To solve this problem, I thought about looking at the coordinate expression: $$ (\nabla_XY)^\mu=\left.\frac{d}{dt}\left(P_\gamma(t,0)^\mu_{\ \ \nu}Y^\nu(\gamma(t))\right)\right|_{t=0}=X^\sigma\partial_\sigma Y^\mu+Y^\nu\left.\frac{d}{dt}P_\gamma(t,0)^\mu_{\ \ \nu}\right|_{t=0}, $$ the problem is, I don't understand how (the matrix of) $P$ depends on the curve. It is clear that $P_\gamma$ depends entirily on the curve, but also it is probably not a "functional" of the curve, since it also depends explicitly on the curve's parameter too. If I accept that I can use the chain rule as $$ \frac{d}{dt}P_\gamma(t,0)^\mu_{\ \ \nu}=\partial_\sigma P_\gamma(t,0)^\mu_{\ \ \nu}\frac{d\gamma^\sigma}{dt}=X^\sigma\partial_\sigma P_\gamma(t,0)^\mu_{\ \ \nu}, $$ where all derivatives are taken at $t=0$, and then name $\partial_\sigma P_\gamma(t,0)^\mu_\nu$ as $\Gamma^\mu_{\sigma\nu}$, then I get back the usual coordinate formula for the covariant derivative and also that $\nabla_XY$ depends only on $X$ and not on $\gamma$, but this use of the chain rule would imply that $P$ is essentially a function on the manifold and $P_\gamma=P\circ\gamma$ and this doesn't seem right.

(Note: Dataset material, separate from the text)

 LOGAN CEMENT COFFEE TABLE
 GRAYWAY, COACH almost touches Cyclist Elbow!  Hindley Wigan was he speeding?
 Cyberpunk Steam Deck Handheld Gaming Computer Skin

I does give me a correct result though.
Question 1: How can I see that the covariant derivative defined this way is ultralocal in $X$? If what I did is correct, why is it correct? I am sure the parallel propagator is not even a "proper" two-point tensor on the manifold, can I just use the chain rule this way? If so, why?
Problem 2: If $X$ is a smooth vector field on $M$, let $P_X(p,t)$ be the parallel propagator $P_{\phi^X_{(\cdot)}(p)}(0,t)$, where $\phi^X_t(p)$ is the flow of $X$ (from point $p$, for time $t$).
The covariant derivative at $p$ can be then expressed as $$ \nabla_XY|_p=\left.\frac{d}{dt}[P_X(p,t)^{-1}Y_{\phi^X_t(p)}]\right|_{t=0}=\left.\frac{d}{dt}[P_X(\phi^X_t(p),-t)Y_{\phi^X_t(p)}]\right|_{t=0} .$$
For smooth vector fields $X,Y$ for which $[X,Y]=0$, the curvature tensor at $p$ can be supposedly expressed as $$ R(X,Y)Z=\left.\frac{d^2}{dtds}\left(P_X(p,t)^{-1}P_Y(\phi^X_t(p),s)^{-1}P_X(\phi^Y_s(p),t)P_Y(p,s)Z\right)\right|_{t=s=0}, $$ where $Z$ is a tangent vector at $p$, but I guess, if needed, can be a vector field defined around $p$ too.
The arguments of the propagators have been simplified by the commutation of flows, we go like this: $p\rightarrow \phi^Y_s(p)\rightarrow\phi^X_t(\phi^Y_s(p))\rightarrow\phi^Y_{-s}(\phi^X_t(\phi^Y_s(p)))=\phi^X_t(p)\rightarrow\phi^X_{-t}(\phi^Y_{-s}(\phi^X_t(\phi^Y_s(p))))=p$.
Question 2: How to evaluate this expression, to get the usual formula for the curvature tensor? I could attempt to write up some of my attempts here, but it would be pointless imo, because they are a bunch of incoherent brainstorming. That I do not understand the functional dependencies of $P$ properly, including the dependance on the parameters $s$ and $t$ makes me be completely stuck with this.
How to incorporate noncommuting vector fields into this?
Basically the reason I want this is that the most clear geometric meaning of the curvature tensor is that it expresses the path-dependence of parallel transport, infinitesimally. I would like to obtain this from actual, finite parallel transport as opposed to just postulating $R(X,Y)Z=\nabla_X\nabla_YZ-\nabla_Y\nabla_XZ-\nabla_{[X,Y]}Z$.
I realize this latter question may be way too long and detailed to be answered here, however any mention of textbooks that deal with the curvature tensor by parallel propagators (including proofs) would also be greatly appreciated!